Global power sector M&A showing signs of recovery

Global power and utility deal volumes reached a three-year high in 2013, with deal values reaching $125.4bn, new analysis has found.

EY’s latest Power Transactions and Trends: Global Power and Utilities Mergers and Acquisitions report found worldwide M&A activity showing signs of a significant recovery in 2013 after 2012’s slump, with deal volume up 30.1 per cent and deal value up 4.1 per cent on the previous year.EY M&A deals

The report said the volume of deals was driven by several key factors, including industry consolidation as smaller firms were acquired and asset rebalancing on the part of larger firms, all against a backdrop of low wholesale prices and excess capacity.

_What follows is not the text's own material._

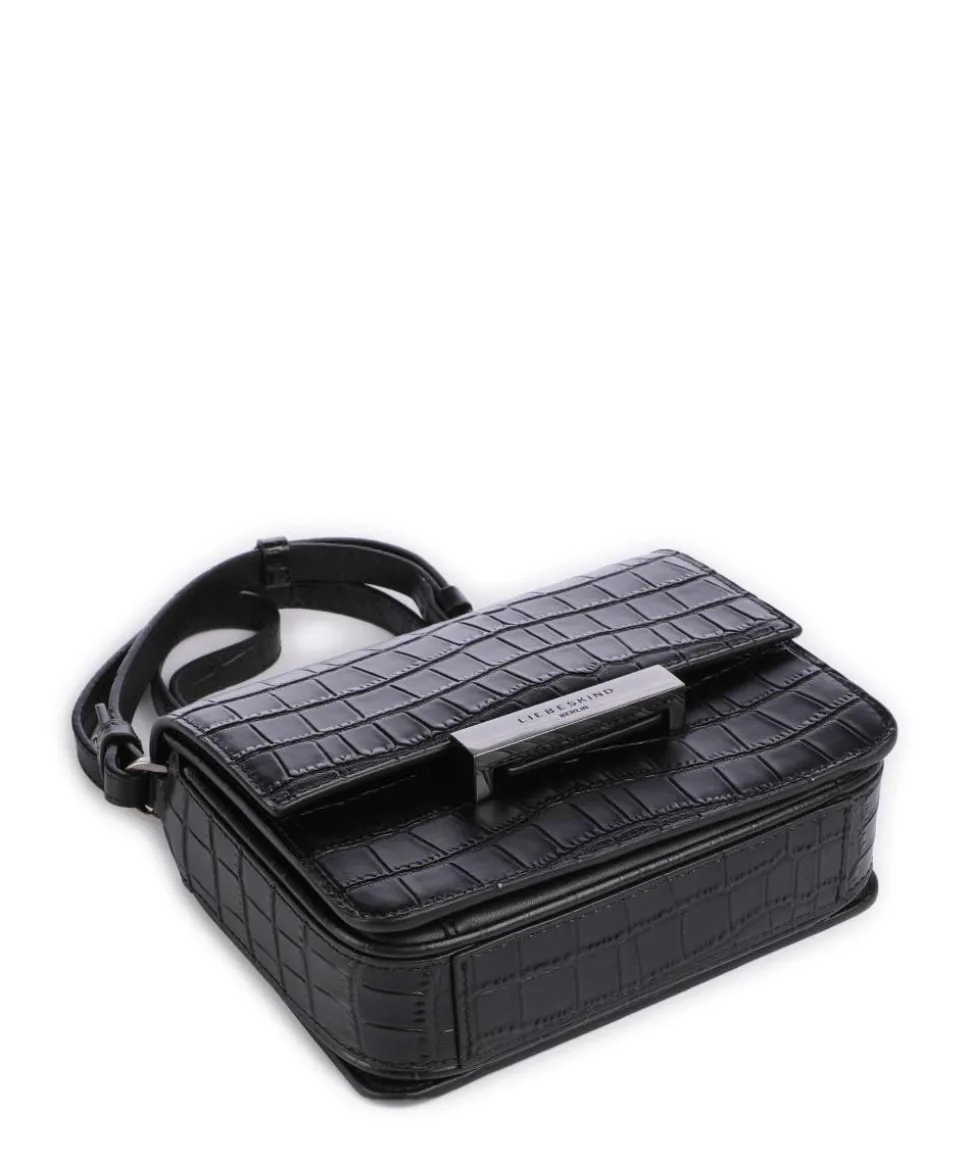Alex New Croco S Umhängetasche geprägtes Rindsleder schwarz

Utilities in many developed markets have taken the decision to rebalance in response to low expected returns. In particular, European firms announced cumulative divestments of $30 billion in 2013. Interestingly, much of the resulting capital was funnelled not into home markets but into the emerging markets of Eastern Europe and Latin America.

In fact, cross-border M&A activity remained strong worldwide, the report found, with Japanese investments in Europe a major example. China‘s state-owned utilities expanded into Australia, while Germany’s E.ON continued its expansion in Brazil; in North America, Canadian companies pursued opportunities in the US. In particular, investors in China, the US, the Middle East and Japan are looking to invest in higher-yield markets, EY said.

Last year also saw utilities branching out into new business areas such as energy efficiency and energy management services, in response to low wholesale prices, weak energy demand and an influx of renewable power ” what analysts have termed the utility ‘death spiral’.

EY predicts that current trends will continue throughout 2014. Cross-border deals will dominate the year and industry consolidation, market reforms and continued opportunities in developing countries, where infrastructure buildout and capacity expansion are driving markets, will continue as key drivers.